Records from a data source
⟨
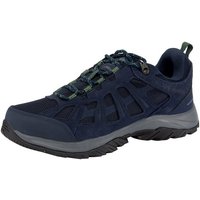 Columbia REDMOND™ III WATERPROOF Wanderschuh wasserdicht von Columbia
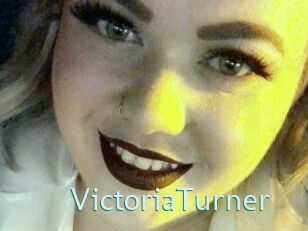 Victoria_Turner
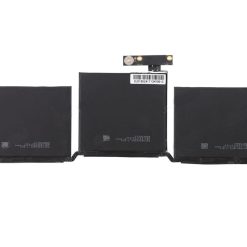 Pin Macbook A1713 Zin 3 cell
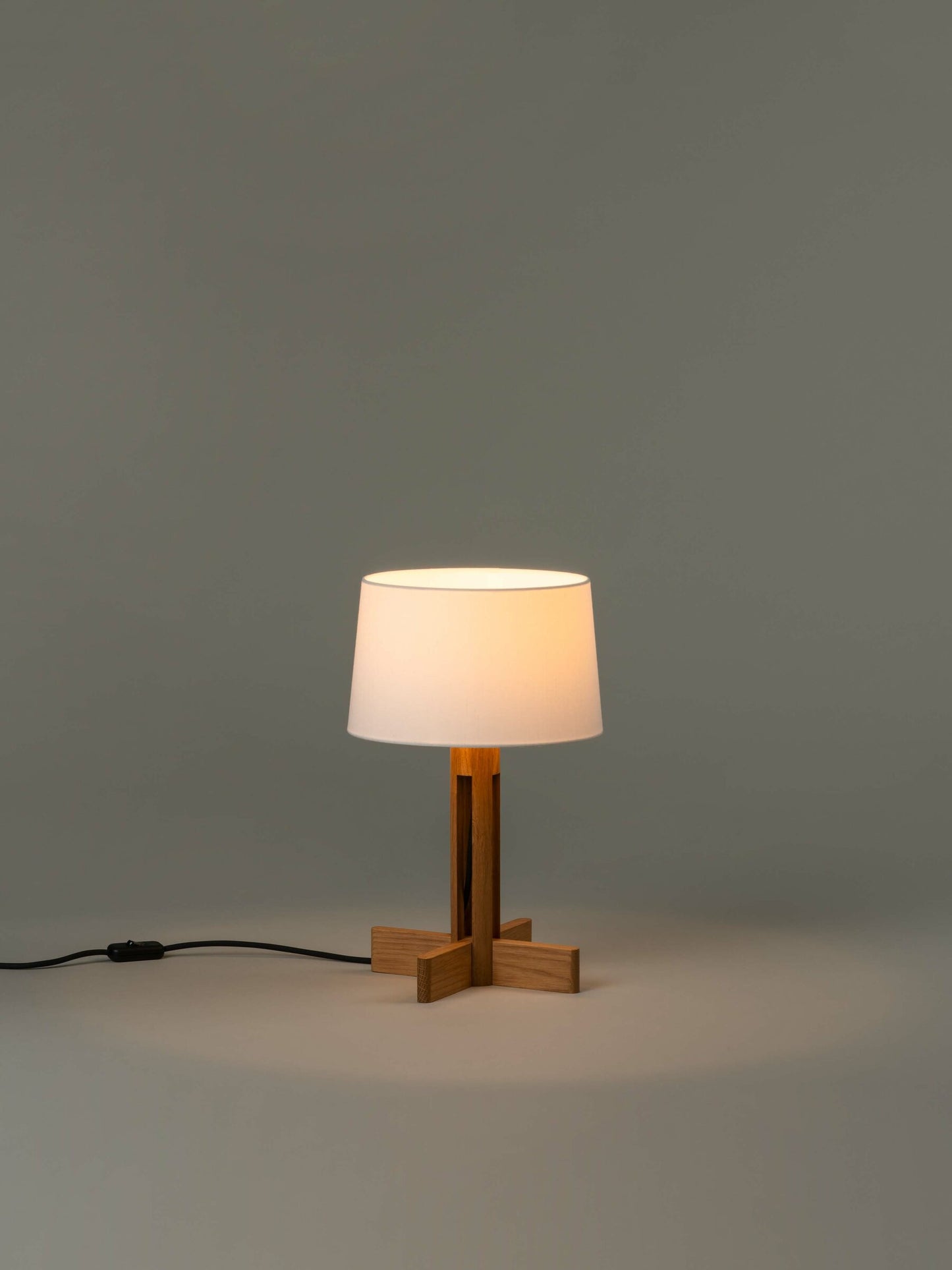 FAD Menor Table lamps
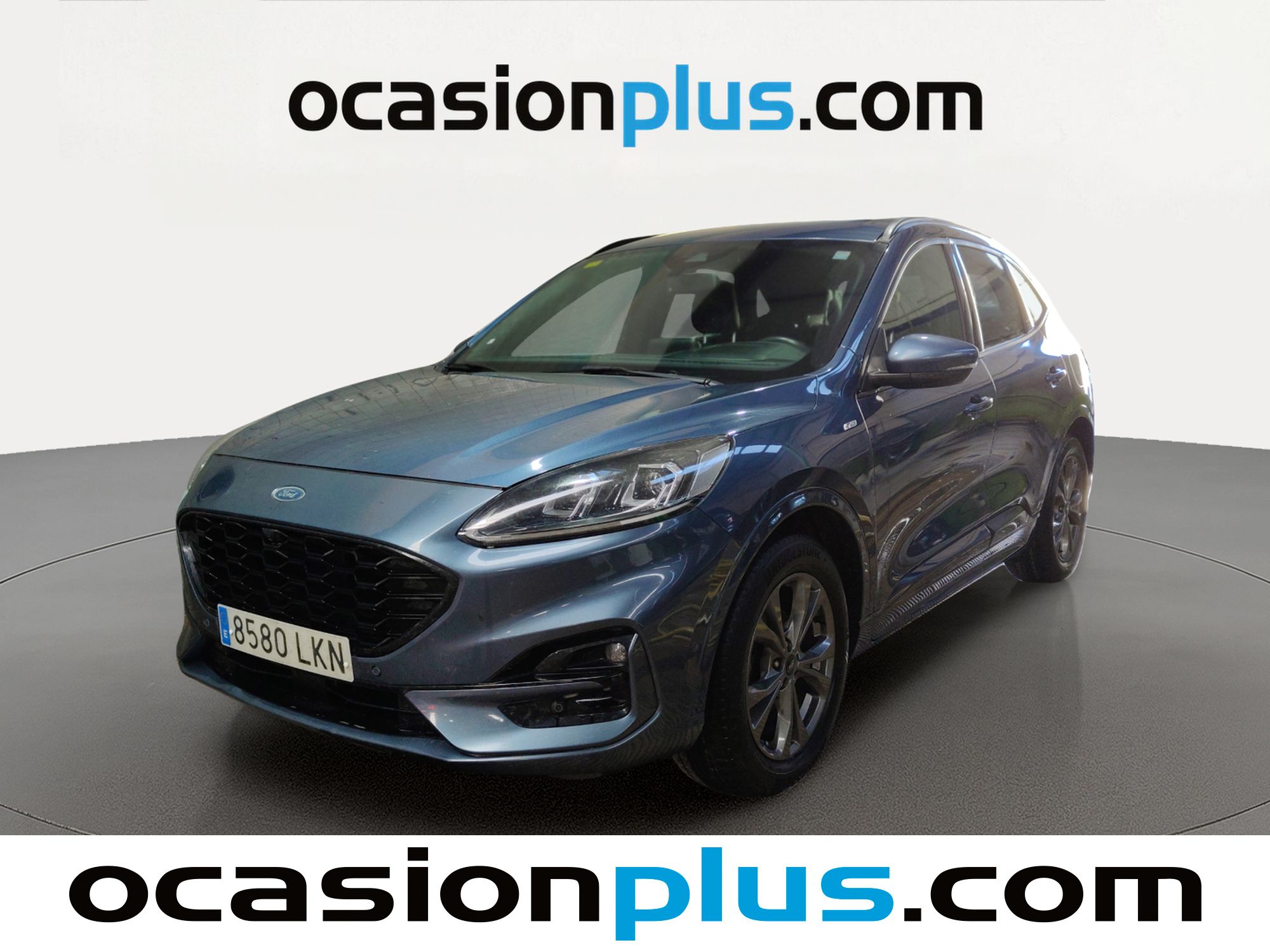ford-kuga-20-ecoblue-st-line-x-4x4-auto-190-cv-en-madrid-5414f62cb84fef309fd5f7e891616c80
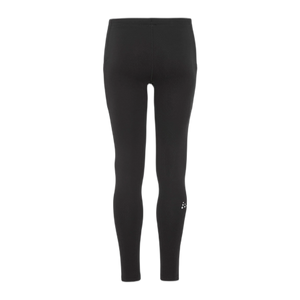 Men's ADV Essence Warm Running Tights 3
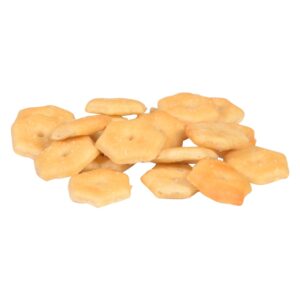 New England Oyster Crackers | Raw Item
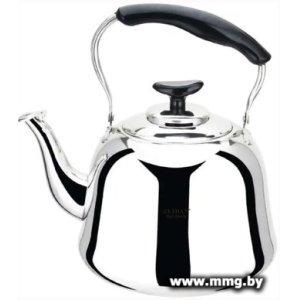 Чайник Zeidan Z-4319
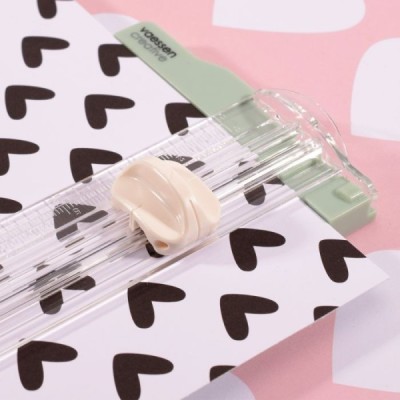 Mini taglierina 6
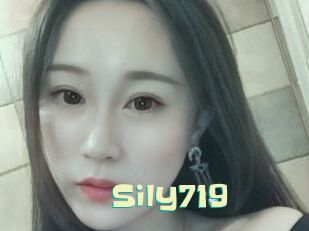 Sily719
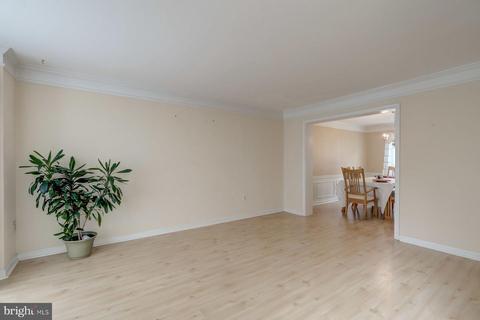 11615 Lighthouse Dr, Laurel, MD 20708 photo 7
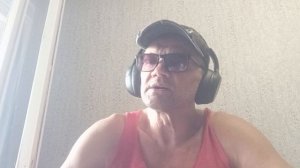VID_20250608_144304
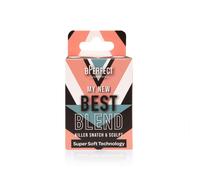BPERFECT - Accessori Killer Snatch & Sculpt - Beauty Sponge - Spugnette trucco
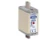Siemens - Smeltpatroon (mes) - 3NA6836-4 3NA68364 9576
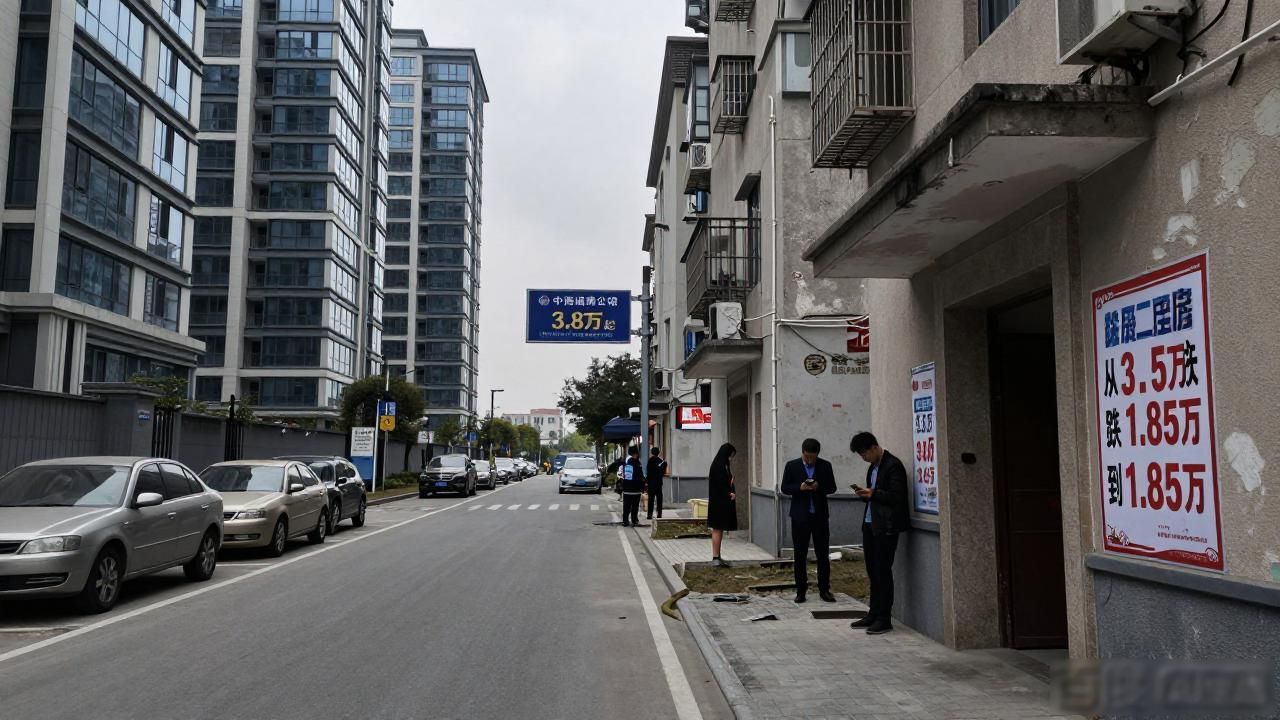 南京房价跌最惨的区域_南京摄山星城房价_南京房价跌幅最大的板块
⟩
⟨
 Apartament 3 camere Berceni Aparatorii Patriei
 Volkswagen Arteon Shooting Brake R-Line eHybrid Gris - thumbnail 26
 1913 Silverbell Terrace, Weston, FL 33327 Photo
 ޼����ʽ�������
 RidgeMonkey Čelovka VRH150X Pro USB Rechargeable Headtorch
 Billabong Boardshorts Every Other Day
⟩
⟨
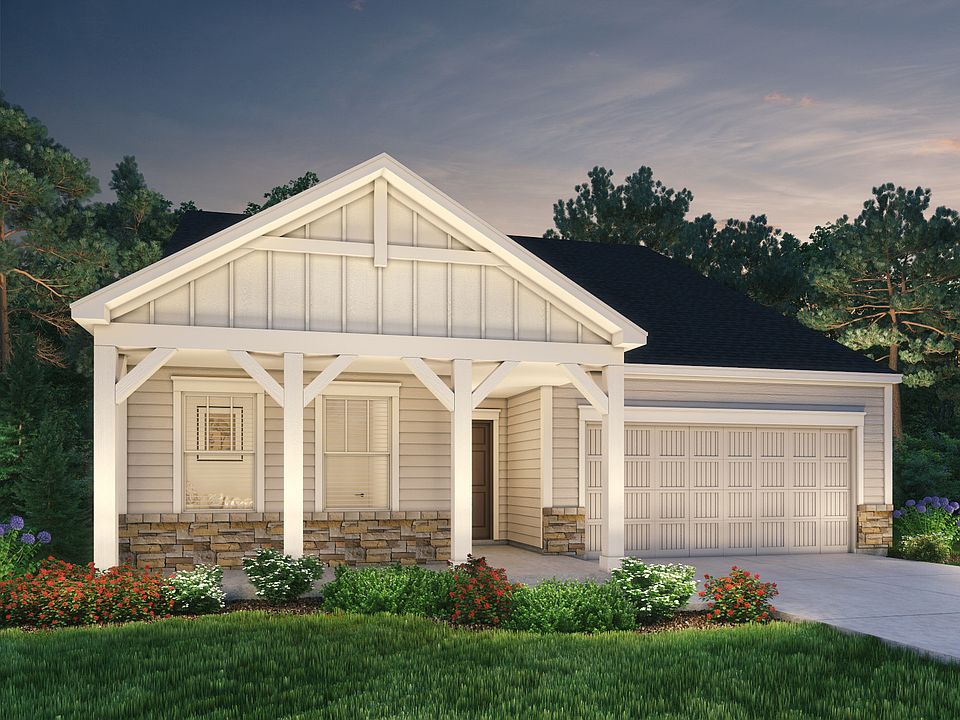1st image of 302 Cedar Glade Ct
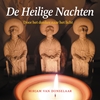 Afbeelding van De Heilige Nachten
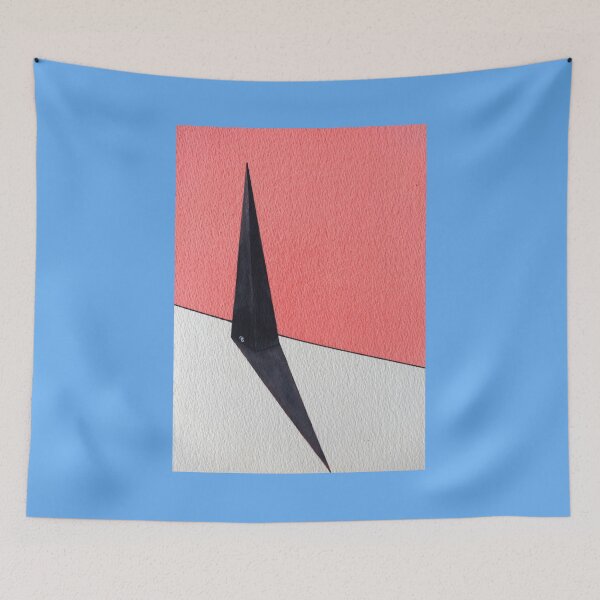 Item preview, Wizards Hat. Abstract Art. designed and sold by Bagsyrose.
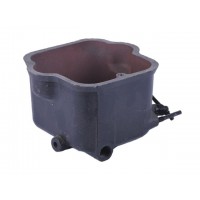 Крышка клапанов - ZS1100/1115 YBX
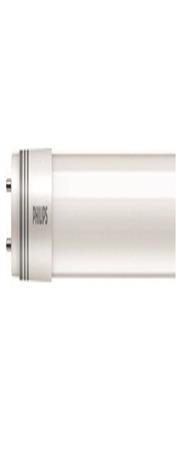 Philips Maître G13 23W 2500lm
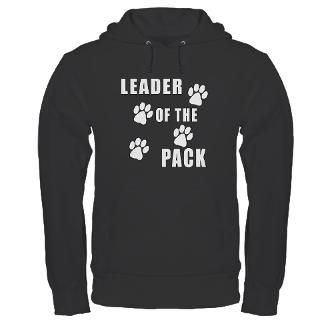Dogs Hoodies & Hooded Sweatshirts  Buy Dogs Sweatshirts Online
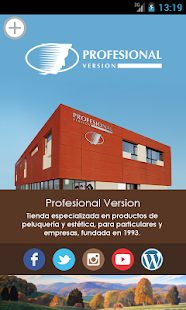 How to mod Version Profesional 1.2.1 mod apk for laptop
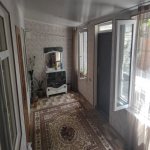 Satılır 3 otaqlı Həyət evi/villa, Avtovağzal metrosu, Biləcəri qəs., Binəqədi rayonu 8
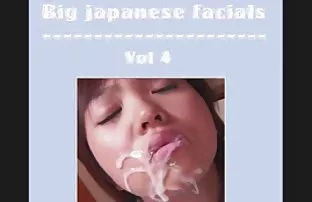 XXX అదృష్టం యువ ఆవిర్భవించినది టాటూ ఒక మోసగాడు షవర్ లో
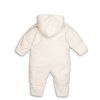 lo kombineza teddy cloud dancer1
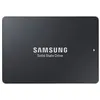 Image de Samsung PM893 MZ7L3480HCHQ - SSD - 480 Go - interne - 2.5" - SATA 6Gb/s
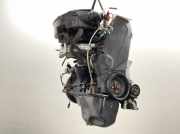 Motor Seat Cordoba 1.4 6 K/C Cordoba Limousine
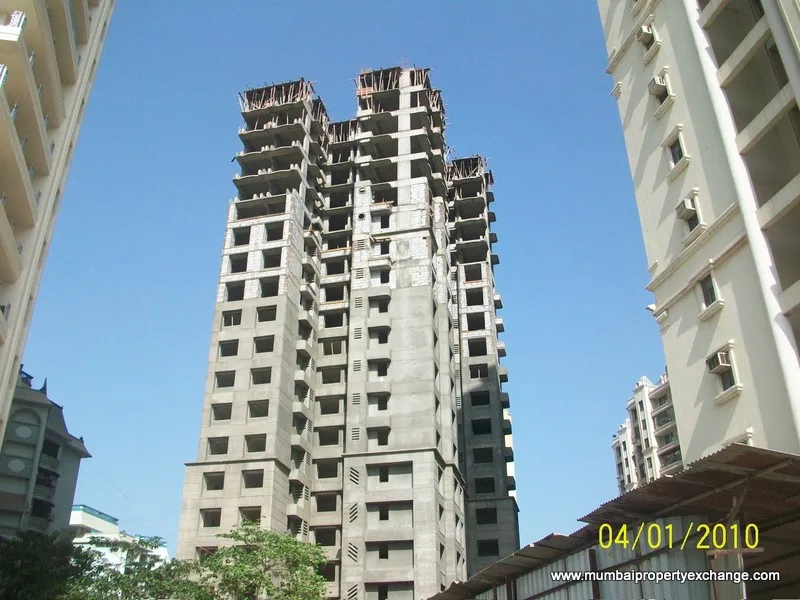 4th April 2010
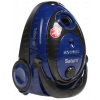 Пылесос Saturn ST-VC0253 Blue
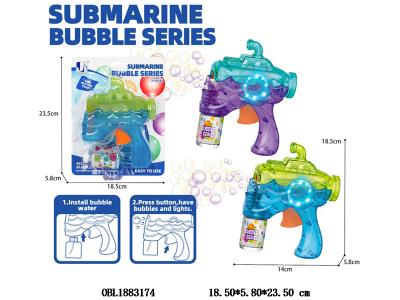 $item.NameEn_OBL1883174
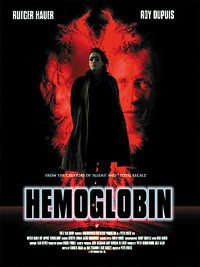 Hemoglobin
⟩
## YOUR TASK
Only the lines above from the one containing "VID_20250608_144304" through the one containing "南京房价跌最惨的区域_南京摄山星城房价_南京房价跌幅最大的板块" should be returned, verbatim and inclusive, with pictures excluded.

## RESPONSE FOR THIS EXERCISE
VID_20250608_144304
BPERFECT - Accessori Killer Snatch & Sculpt - Beauty Sponge - Spugnette trucco
Siemens - Smeltpatroon (mes) - 3NA6836-4 3NA68364 9576
 南京房价跌最惨的区域_南京摄山星城房价_南京房价跌幅最大的板块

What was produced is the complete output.